Here’s what you need to know about consolidating accounts through a debt management plan with an agency.
What you need to know about debt consolidation
Tired of juggling many different accounts? With a debt management plan, you make one payment to the credit counseling agency, which distributes the money to your creditors until they are paid in full.
These agencies do not make loans, nor do they settle debts. Instead, they have preset arrangements with most financial institutions, many of which lower interest rates and fees, so more of your payment goes toward the balance rather than finance charges.
However, if you just happen to have accounts with creditors that don’t offer any concessions, that benefit is reduced.
Look for a nonprofit credit counseling organization that belongs to either the National Foundation for Credit Counseling (NFCC) or the Financial Counseling Association of America (FCAA). They ensure member agencies pass rigorous standards set forth by the Council on Accreditation or another approved third party, and that their counselors pass a comprehensive certification program. Even if they are members of such organizations, though, be picky.
The agency should be organized, send payments and statements on time and offer strong consumer education and support. If it falls short, contact another branch.
Financial institutions don’t give preferential treatment to any one organization, nonprofit or otherwise. So while the agencies and employees vary, the plans are all structured the same way: Your counselor determines how much it will take to pay your creditors in full in three to five years.
The payment is usually around 2.5 percent of the total debt, though in hardship situations, there is some wiggle room. You can stop the plan at any time, and you can also pay more – and get out of debt faster – when you have extra funds.
Why consolidate bills if you can’t pay for basic expenses or if there are better alternatives? You wouldn’t, which is the reason consolidation begins with a counseling appointment in which your entire financial situation is assessed.
If you have enough cash left over after subtracting expenses from income, consolidation will be presented along with other options. When a counselor is knowledgeable and compassionate, these sessions can be enlightening and motivating. Not all are. If he or she acts bored, judgmental or pushy, request a different counselor.

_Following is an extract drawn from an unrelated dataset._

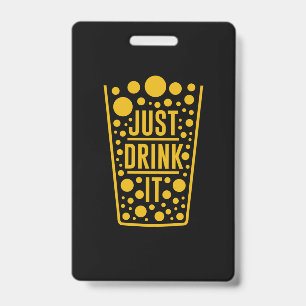 Just Drink Beer ID Badge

How do you know if a debt management plan will work in your favor? First, the bulk of your balances should be in unsecured debts, such as credit and charge cards, personal loans and, sometimes, collection accounts.
If most of your liabilities include other types (tax debt, unpaid child support or old parking tickets, for instance), these plans won’t help.
Second, you should be confident you can pay not just for a month or two, but for years.
And third, you need to have just enough money for essential expenses, some savings and your debt. If you have too much cash left over, you’re better off managing the accounts on your own.
While you’re on the plan, your payment remains constant. You never have to wonder how much you should be paying each month, as it will be the same amount until all creditors are satisfied.
When one account is satisfied, the others receive a larger portion of your payment, which speeds up the repayment process.
DMPs can also provide welcome respite from creditors calling about overdue accounts, as they generally stop when the plan begins.
Those you owe will still be sending you account statements, which you’ll have to monitor and send in.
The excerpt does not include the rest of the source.